Transgender Vietnamese turn to black market hormones
By AFP/Jenny Vaughan April 6, 2017 | 08:42 am GMT+7
They face serious health risks in a country where hormone therapy and sex-reassignment surgery are not available.
Every week, Huynh Nha An faces the same dilemma: spend her paltry salary on food, or buy the blackmarket hormones she needs to keep her facial hair from growing back.
Born male but desperate to change sex, the timid 21-year-old self-prescribes and injects drugs bootlegged from Thailand, when she can afford them.
"When I don't use hormones regularly I turn back into a boy, I'm no longer smooth like a girl," explains the street food seller and part-time singer.
Nha An is one of thousands facing the same problem in Vietnam, where hormone therapy and sex-reassignment surgery are not legally available to transgender people.
That forces many to self-medicate despite the serious health risks.

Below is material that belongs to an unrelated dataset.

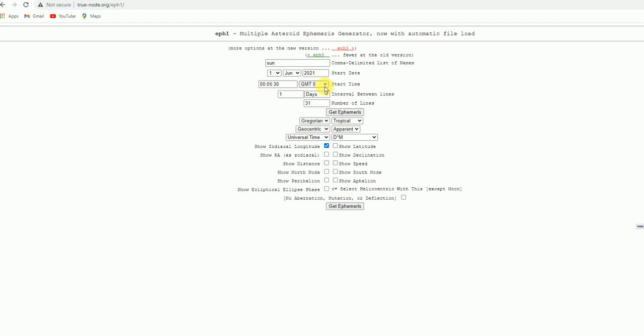GMT you keep it as zero. Now how many days you want. That means I want weekly means I have to put seven days, so I will get seven days ephemeris details, that is planetary degrees. Suppose whatever you want you keep it. So now I kept one. How many days you want, I started from first June. Suppose I want 31 days, thousand days, how many days you want you can kept here. So 31 days.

The transgender community endures discrimination in many parts of Vietnam, a country where conservative social mores dominate.
But in a rare act of social progression, the government is writing a law that will allow people to officially change their gender.
That could result in better access to healthcare for Vietnam's 300,000-strong transgender community, but it will not become law until 2019 at the earliest.
Until then Nha An will have to get along without specialist medical help, relying on friends for advice on the dosage and frequency of her hormone injections.
Some months she spends nearly half her $100 income on the drugs, or borrows from friends -- her family stopped giving her money after she ran away from home.
"My parents still see me as a diseased person, they don't accept me as a girl," she said.